The president of the League for Democracy Party (LDP) is facing a legal complaint over public comments he made earlier this year in which he said he “detested” the Khmer race and suggested that he would like to form his own country.

Khem Veasna, the minor party’s leader, was accused of public insult by a Phnom Penh businessman last week over statements Mr. Veasna made during a gathering with LDP supporters in Kompong Speu province in February.

League for Democracy Party President Khem Veasna poses with young supporters at a party convention in Phnom Penh on last year. (Hannah Hawkins/The Cambodia Daily)

“Mr. Khem Veasna insulted and looked down on the Khmer race, which includes me as a Khmer, by saying ‘The Khmer race is those dishonorable [people] and are dogs, etc.’ as well as a lot of other grotesques words that affect my honor and dignity and the whole Khmer country,” newspaper publisher Soch Soeung, the plaintiff, said, according to the complaint filed to the Phnom Penh Municipal Court on June 12.

In video footage of the February event posted to the League for Democracy Party Facebook page, Mr. Veasna says, “If you think I am valuable, let me have an island and [I] won’t live as your nationality. I ask to not wear the sign of your nationality. I ask to wear the sign of my new nationality and also don’t accept the Khmer nationality.”

“First, the Khmer already has its name. The Khmer country already has its name in the United Nations. Second, I so detest this race, that Khmer race,” he says.

“I am not a Khmer. My country is new and I will bring all older and younger people,” he continues.

“My new country is the League [for Democracy Party] country. Holding our national passport is the League nationality.”

“This race is the League race that originally came from the disreputable country which is the Khmer country,” Mr. Veasna claims.

Kov Kea, LDP spokesman, said on Monday that he was aware of the complaint, but Mr. Veasna had not received a court summons.

“We will wait to see based on the real situation whether our leader needs to go [to court] or a representative like a lawyer can handle this matter,” Mr. Kea said.

Public insult carries a fine of 100,000 to 10 million riel, or about $25 to $2,500.

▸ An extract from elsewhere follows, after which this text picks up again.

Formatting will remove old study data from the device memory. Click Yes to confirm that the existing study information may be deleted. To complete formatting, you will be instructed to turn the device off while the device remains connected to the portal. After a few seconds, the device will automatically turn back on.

In an interview with a local Khmer-language media outlet published on Sunday, Interior Ministry spokesman Khieu Sopheak said authorities were “interested” in Mr. Veasna’s statements.

“We are so hurt with the words that insult the Khmer race,” General Sopheak said.

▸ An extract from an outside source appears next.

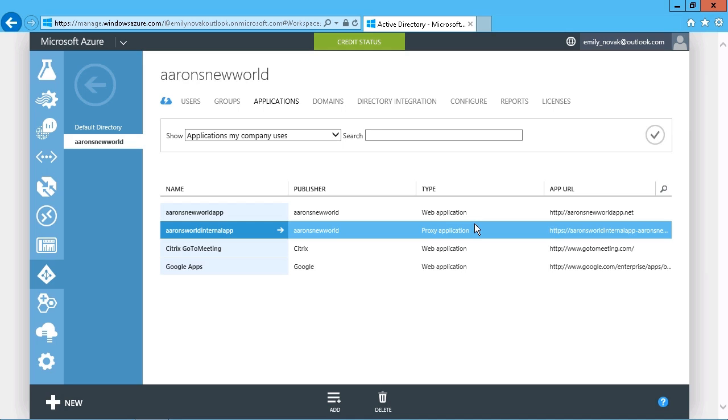And then, again, you can also set up things like single sign-on so that we only need a single set of credentials and we only get prompted to sign in a single time to access both the Azure environment and those applications. And that's how you set up and configure your Azure Active Directory.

“[He] asked to live on an island and that is secession. Secession of the Khmer people is against the constitution.”

Mr. Veasna could not be reached on Monday, but a post on the party’s Facebook page on Sunday aimed to clarify that Mr. Veasna had no intention to secede from the nation.

According to the post, Mr. Veasna had said at the February event that the nation’s constitution did not allow the state’s territory to be divided.

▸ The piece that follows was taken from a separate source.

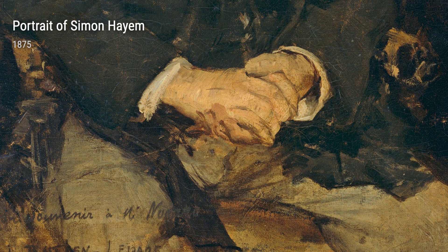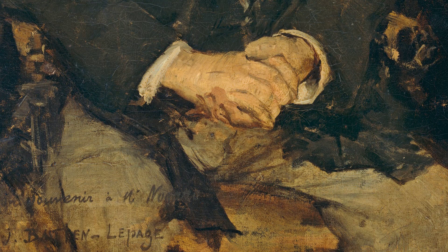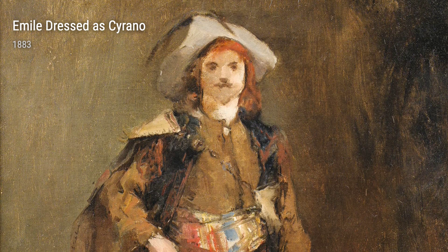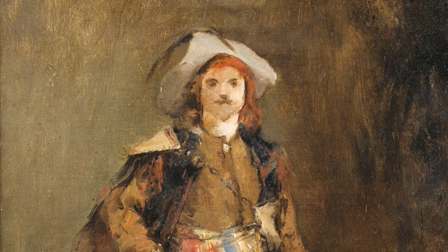Landscapes also held a special place in Le Page's heart. The Thames, London from 1889 captures the tranquil beauty of the English river, showcasing Le Page's ability to convey serenity through his brush strokes. In Flower Market in London from 1882, Le Page transports us to a bustling market filled with vibrant blooms, reflecting the energy and liveliness of the city.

“This means that Mr. Khem Veasna acknowledged the constitution and wanted to clarify to the party’s supporters that we cannot break the country in two or create a secession,” the post says.

Earlier this month, the National Election Committee issued a warning addressed to Mr. Veasna for allegedly violating election law by criticizing other parties online during the commune election’s campaign blackout period 24 hours before polls opened on June 4.

Mr. Soeung, who filed the complaint against Mr. Veasna, said on Monday that the party president’s insulting rhetoric had motivated him to take the issue to court.

“I cannot bear his insulting and I filed this complaint not to serve any political movement or tendency of any party,” he said.

“It started from my own heart and will.”

Mr. Soeung said he received a summons on Monday to appear in court on Friday.

Court spokesman Ly Sophana could not be reached on Monday.

Cham Bunthet, a political analyst and adviser to the opposition Grassroots Democracy Party, said Mr. Veasna’s rhetoric was difficult to interpret but his approach did not benefit politics or the country.

“It’s hard to understand him,” Mr. Bunthet said.

Being able to accept criticism and political differences were among the pillars of democracy, he added.

“But this group do not. If you criticize them, they blast you,” Mr. Bunthet said.

“If you say something that is different from them they insult you. They curse you. It’s scary.”